Likewise, Josh Haslett, vice president of systems engineering at Mitel, said the game is changing for traditional vendors that have wanted to control the endpoint since the days of proprietary telephone signaling protocols. "I don't think taking desktop real estate and branding it is going to be the answer," Haslett said. "It's not about branding, it's about enabling."

Gary Barnett, senior vice president and general manager, Engagement Solutions, at Avaya, agreed. "The user interface is not what to us will be relevant," said. Instead, Barnett stressed that the role of platforms like Avaya's will be to tie together various elements on the back end -- a critical aspect that won't just go away in a viral-app world of the future, for (at least) one key reason: investment protection, aka the installed base.

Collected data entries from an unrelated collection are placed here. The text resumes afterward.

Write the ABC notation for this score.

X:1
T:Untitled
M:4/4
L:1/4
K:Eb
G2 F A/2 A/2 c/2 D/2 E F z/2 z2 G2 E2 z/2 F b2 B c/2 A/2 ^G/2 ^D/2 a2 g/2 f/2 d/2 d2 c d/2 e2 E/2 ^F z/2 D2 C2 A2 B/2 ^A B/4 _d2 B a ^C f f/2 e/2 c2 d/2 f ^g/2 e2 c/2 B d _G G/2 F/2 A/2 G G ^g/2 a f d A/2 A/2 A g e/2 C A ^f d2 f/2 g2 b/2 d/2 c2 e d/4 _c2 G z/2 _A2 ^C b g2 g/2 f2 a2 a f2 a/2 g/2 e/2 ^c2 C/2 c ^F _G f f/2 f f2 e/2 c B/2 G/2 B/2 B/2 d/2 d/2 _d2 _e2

A case in point came from Zig Serafin, corporate vice president, Skype Business Services at Microsoft, who pointed out that he and Cisco's Trollope were meeting this week and had already reached agreements between the two companies to allow video from Cisco Telepresence endpoints to be dropped into Skype for Business (formerly Lync) video conferences. So if Cisco and Microsoft are talking interoperability -- at all -- it could be a sign that things are changing (we can hope).

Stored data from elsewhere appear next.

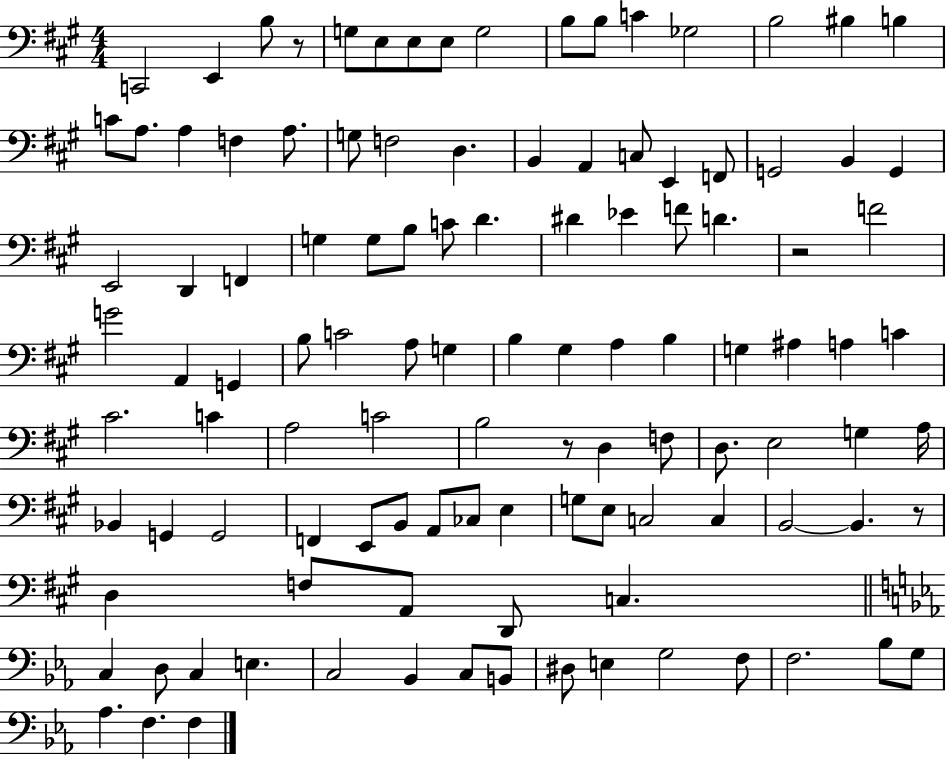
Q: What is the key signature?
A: A major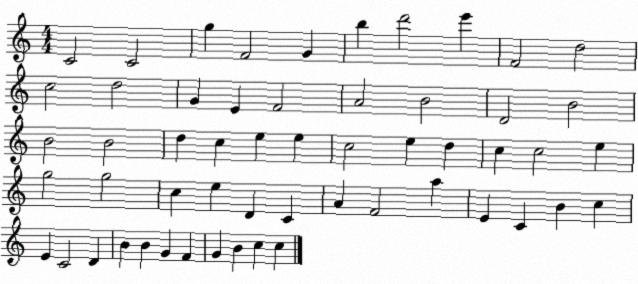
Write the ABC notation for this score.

X:1
T:Untitled
M:4/4
L:1/4
K:C
C2 C2 g F2 G b d'2 e' F2 d2 c2 d2 G E F2 A2 B2 D2 B2 B2 B2 d c e e c2 e d c c2 e g2 g2 c e D C A F2 a E C B c E C2 D B B G F G B c c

So whether you need interoperability among different vendors or different generations of products from the same vendor -- and let's face it, enterprises today still do -- the UC vendors you've been used to dealing with are prepared to at least make some of the right promises and recognize that these challenges haven't gone away even in the new world.

But Google's Swidler offered a harsh assessment of the pursuit of interoperability.

"The more you invest in interoperability today," Swidler said," the longer you're going to be stuck with that legacy platform."

This UC Summit offered a bonus: All four of this week's Enterprise Connect Orlando 2015 keynoters were among the panelists. Avaya's Barnett and Cisco's Trollope take the keynote stage tomorrow, while Microsoft's Serafin and Google's Swidler are on tap for Wednesday morning.